(TASK MATERIAL begins)

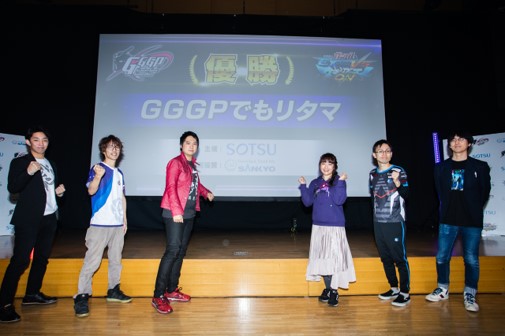 ���������꡼ No.003�Υ���ͥ������ / ���٥�ȡ֥�����ॲ���॰���ץ�2021�פ����郎����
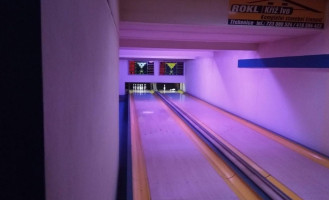 Restaurace Beseda Lovosice Bebida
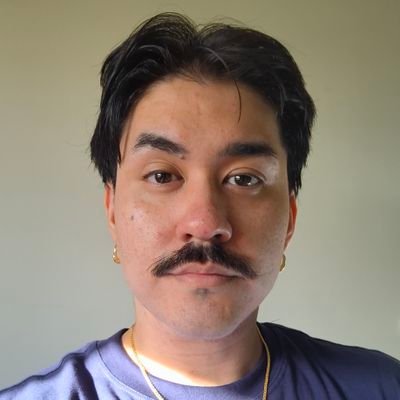 victor_muraoka's profile picture
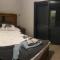 Stunning four bedroom duplex in central Raanana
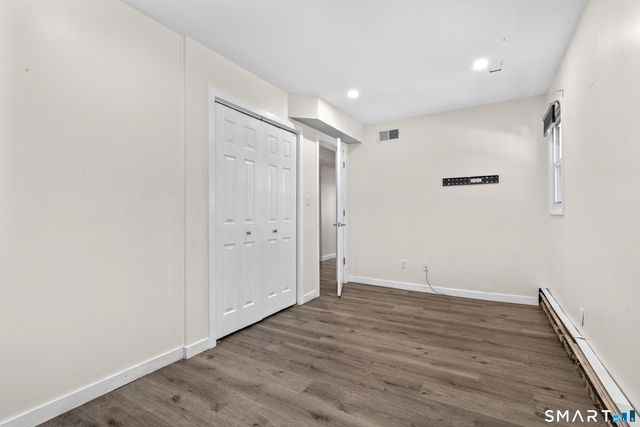 102 Forest St Extension, East Haven, CT 06512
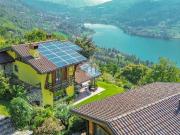 Villetta indipendente in vendita di 380 m² in Via...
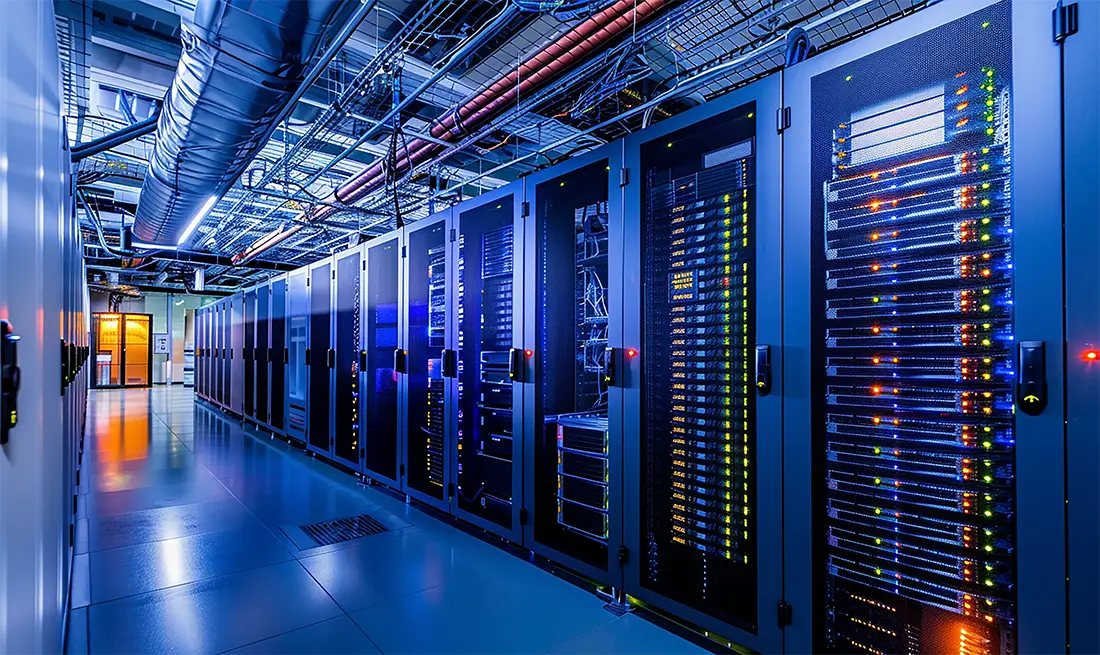 Rack-ups-direkte-indsat-i-IT-racks-Bluecircle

(TASK MATERIAL ends)

» **WORK TO BE COMPLETED**: No pictures should appear in the answer, which is to be the lines from the line with "Villetta indipendente in" through the end of the records above, restated exactly.

» **SOLUTION TO THE PROBLEM**:
 Villetta indipendente in vendita di 380 m² in Via...
 Rack-ups-direkte-indsat-i-IT-racks-Bluecircle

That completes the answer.